▶ **Assigned task**
Your task is to reproduce exactly the lines from the line with "Emniyet Genel Müdürlüğü" through the end of the records below.

Scraped caption text data

--*--

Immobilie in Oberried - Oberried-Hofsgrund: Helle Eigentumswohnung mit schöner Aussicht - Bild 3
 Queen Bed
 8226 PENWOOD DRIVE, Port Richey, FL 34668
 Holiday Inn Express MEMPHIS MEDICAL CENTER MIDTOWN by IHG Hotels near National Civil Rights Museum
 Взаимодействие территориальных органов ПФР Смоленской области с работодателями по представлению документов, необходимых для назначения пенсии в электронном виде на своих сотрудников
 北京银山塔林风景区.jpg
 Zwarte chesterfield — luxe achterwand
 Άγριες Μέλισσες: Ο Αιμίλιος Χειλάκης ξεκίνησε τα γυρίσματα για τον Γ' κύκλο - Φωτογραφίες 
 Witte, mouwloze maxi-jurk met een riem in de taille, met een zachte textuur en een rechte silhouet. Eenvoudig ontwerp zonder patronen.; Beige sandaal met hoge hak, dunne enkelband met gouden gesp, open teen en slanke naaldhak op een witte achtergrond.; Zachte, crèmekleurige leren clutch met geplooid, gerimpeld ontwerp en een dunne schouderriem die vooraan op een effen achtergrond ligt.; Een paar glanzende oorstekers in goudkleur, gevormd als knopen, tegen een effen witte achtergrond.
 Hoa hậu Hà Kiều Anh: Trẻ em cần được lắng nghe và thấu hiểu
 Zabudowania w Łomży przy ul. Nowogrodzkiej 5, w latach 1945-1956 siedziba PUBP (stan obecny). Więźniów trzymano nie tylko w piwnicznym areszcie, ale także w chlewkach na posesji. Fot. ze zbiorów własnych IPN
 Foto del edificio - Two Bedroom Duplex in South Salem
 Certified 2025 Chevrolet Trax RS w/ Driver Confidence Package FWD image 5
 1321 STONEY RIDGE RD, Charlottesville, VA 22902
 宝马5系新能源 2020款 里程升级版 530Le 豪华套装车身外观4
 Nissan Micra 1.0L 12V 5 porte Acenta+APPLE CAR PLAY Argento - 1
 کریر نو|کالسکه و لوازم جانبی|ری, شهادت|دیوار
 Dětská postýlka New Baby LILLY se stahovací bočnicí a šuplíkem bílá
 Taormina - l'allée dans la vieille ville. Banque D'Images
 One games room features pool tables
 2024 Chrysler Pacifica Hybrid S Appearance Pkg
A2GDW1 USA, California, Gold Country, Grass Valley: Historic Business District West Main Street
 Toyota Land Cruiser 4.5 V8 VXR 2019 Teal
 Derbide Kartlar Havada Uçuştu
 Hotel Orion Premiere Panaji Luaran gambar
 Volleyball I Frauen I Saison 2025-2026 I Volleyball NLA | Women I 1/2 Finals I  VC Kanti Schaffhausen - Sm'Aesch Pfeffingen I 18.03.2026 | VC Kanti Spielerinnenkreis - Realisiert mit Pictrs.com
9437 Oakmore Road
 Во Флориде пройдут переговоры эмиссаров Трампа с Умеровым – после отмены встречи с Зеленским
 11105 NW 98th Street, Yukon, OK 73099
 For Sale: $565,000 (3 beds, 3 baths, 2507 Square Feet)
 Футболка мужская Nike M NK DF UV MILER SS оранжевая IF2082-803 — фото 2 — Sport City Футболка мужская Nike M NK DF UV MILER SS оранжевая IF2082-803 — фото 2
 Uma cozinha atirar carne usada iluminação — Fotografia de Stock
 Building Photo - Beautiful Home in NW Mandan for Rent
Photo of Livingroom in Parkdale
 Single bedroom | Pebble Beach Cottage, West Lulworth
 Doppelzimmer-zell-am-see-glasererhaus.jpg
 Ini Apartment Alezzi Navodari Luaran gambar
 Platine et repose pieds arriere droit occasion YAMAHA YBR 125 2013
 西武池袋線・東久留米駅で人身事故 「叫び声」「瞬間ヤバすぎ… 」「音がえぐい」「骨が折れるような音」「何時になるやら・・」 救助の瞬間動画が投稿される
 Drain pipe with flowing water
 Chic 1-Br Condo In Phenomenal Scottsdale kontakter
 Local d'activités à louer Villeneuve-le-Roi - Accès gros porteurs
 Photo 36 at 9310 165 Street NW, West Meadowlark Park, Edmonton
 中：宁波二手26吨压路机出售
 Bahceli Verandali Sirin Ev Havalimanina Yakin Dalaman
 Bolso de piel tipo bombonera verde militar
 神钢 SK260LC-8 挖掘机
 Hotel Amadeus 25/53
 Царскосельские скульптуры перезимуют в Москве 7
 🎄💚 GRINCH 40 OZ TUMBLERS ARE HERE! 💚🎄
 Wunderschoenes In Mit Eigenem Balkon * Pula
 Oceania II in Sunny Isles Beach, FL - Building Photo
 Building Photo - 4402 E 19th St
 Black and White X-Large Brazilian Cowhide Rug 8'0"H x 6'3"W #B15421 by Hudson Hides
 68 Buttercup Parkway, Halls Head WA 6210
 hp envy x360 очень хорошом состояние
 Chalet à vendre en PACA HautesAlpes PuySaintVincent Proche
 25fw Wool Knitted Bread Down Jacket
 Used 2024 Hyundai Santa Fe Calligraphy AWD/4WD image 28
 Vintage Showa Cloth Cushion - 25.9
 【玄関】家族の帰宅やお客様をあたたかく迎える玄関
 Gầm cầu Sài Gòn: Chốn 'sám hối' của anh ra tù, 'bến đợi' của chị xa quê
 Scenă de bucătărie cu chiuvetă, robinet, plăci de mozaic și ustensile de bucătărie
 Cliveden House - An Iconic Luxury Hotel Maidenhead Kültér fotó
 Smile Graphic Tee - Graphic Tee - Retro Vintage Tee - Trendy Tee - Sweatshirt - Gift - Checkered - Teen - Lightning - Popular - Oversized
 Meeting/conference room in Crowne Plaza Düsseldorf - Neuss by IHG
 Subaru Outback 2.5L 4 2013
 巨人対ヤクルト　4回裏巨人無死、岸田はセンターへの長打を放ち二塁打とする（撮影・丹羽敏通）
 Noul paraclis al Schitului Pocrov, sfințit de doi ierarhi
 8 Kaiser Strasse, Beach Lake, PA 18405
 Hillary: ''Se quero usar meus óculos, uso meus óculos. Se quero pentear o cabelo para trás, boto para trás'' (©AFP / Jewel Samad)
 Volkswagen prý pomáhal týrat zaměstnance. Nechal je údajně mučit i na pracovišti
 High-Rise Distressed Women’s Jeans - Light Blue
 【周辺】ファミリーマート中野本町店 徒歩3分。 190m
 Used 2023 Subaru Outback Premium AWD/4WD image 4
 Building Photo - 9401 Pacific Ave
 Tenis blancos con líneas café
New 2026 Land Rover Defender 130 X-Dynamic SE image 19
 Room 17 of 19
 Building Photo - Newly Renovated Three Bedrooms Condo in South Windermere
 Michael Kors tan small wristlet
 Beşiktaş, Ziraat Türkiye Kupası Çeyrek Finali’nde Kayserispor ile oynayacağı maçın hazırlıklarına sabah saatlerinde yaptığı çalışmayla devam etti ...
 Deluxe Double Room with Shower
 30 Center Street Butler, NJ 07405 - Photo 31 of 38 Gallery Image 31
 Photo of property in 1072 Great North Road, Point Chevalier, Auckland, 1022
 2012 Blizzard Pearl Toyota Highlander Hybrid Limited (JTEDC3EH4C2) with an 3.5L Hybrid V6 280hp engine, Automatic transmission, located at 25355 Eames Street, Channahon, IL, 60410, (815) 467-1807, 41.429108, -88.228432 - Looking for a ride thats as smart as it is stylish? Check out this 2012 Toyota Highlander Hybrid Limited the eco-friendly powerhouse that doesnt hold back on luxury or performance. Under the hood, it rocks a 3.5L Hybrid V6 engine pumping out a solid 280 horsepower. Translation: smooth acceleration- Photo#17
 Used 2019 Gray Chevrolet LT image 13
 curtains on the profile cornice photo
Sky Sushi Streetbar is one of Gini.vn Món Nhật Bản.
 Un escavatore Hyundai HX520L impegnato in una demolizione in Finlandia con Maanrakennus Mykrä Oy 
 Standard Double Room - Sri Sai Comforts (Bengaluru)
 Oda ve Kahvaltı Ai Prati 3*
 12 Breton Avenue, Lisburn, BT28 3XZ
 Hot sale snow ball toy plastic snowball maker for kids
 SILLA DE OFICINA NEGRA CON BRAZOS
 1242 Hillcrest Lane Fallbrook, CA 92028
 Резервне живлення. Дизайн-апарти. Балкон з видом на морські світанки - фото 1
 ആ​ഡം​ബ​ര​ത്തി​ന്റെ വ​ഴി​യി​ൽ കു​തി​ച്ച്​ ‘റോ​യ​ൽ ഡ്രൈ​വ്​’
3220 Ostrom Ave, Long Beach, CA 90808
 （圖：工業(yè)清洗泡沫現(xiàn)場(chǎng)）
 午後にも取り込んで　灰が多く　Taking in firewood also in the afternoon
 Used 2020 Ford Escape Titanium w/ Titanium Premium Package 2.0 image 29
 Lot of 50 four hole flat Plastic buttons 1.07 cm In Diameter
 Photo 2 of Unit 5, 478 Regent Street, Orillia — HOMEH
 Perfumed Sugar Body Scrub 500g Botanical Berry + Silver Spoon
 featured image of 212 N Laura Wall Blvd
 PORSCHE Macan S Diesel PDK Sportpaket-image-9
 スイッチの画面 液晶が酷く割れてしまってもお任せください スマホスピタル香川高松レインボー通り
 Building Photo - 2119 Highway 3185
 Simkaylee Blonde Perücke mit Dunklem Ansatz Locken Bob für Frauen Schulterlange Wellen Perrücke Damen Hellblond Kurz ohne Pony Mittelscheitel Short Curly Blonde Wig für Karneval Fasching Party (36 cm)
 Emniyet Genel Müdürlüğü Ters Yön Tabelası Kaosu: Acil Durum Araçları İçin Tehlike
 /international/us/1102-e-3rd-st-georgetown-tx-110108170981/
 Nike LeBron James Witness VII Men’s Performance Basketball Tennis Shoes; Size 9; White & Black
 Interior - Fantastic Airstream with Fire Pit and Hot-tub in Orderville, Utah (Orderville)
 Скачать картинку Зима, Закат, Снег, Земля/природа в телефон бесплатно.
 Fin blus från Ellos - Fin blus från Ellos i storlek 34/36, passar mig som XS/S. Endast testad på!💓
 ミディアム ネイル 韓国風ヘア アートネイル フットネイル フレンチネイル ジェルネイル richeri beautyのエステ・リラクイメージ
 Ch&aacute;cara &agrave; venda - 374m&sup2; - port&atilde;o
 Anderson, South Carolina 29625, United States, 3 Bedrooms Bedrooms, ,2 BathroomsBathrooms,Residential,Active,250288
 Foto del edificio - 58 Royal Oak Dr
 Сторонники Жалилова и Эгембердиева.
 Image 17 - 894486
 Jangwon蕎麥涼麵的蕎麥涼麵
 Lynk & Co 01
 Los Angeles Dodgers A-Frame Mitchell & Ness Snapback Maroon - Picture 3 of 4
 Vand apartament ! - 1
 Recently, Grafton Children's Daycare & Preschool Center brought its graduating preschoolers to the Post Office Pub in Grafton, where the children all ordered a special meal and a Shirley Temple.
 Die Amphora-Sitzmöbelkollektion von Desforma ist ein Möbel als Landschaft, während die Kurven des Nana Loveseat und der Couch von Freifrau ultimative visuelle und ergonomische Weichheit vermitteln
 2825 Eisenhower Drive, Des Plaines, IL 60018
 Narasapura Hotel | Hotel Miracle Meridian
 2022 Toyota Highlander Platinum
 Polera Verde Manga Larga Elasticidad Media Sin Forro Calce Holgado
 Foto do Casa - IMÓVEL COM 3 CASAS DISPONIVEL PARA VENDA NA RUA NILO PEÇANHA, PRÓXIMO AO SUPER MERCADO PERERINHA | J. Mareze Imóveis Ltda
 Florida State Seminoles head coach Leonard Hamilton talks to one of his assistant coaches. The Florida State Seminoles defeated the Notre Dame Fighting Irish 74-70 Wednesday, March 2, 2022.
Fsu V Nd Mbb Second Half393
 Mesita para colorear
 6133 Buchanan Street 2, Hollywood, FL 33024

--*--

▶ **Output for this exercise**
 Emniyet Genel Müdürlüğü Ters Yön Tabelası Kaosu: Acil Durum Araçları İçin Tehlike
 /international/us/1102-e-3rd-st-georgetown-tx-110108170981/
 Nike LeBron James Witness VII Men’s Performance Basketball Tennis Shoes; Size 9; White & Black
 Interior - Fantastic Airstream with Fire Pit and Hot-tub in Orderville, Utah (Orderville)
 Скачать картинку Зима, Закат, Снег, Земля/природа в телефон бесплатно.
 Fin blus från Ellos - Fin blus från Ellos i storlek 34/36, passar mig som XS/S. Endast testad på!💓
 ミディアム ネイル 韓国風ヘア アートネイル フットネイル フレンチネイル ジェルネイル richeri beautyのエステ・リラクイメージ
 Ch&aacute;cara &agrave; venda - 374m&sup2; - port&atilde;o
 Anderson, South Carolina 29625, United States, 3 Bedrooms Bedrooms, ,2 BathroomsBathrooms,Residential,Active,250288
 Foto del edificio - 58 Royal Oak Dr
 Сторонники Жалилова и Эгембердиева.
 Image 17 - 894486
 Jangwon蕎麥涼麵的蕎麥涼麵
 Lynk & Co 01
 Los Angeles Dodgers A-Frame Mitchell & Ness Snapback Maroon - Picture 3 of 4
 Vand apartament ! - 1
 Recently, Grafton Children's Daycare & Preschool Center brought its graduating preschoolers to the Post Office Pub in Grafton, where the children all ordered a special meal and a Shirley Temple.
 Die Amphora-Sitzmöbelkollektion von Desforma ist ein Möbel als Landschaft, während die Kurven des Nana Loveseat und der Couch von Freifrau ultimative visuelle und ergonomische Weichheit vermitteln
 2825 Eisenhower Drive, Des Plaines, IL 60018
 Narasapura Hotel | Hotel Miracle Meridian
 2022 Toyota Highlander Platinum
 Polera Verde Manga Larga Elasticidad Media Sin Forro Calce Holgado
 Foto do Casa - IMÓVEL COM 3 CASAS DISPONIVEL PARA VENDA NA RUA NILO PEÇANHA, PRÓXIMO AO SUPER MERCADO PERERINHA | J. Mareze Imóveis Ltda
 Florida State Seminoles head coach Leonard Hamilton talks to one of his assistant coaches. The Florida State Seminoles defeated the Notre Dame Fighting Irish 74-70 Wednesday, March 2, 2022.
Fsu V Nd Mbb Second Half393
 Mesita para colorear
 6133 Buchanan Street 2, Hollywood, FL 33024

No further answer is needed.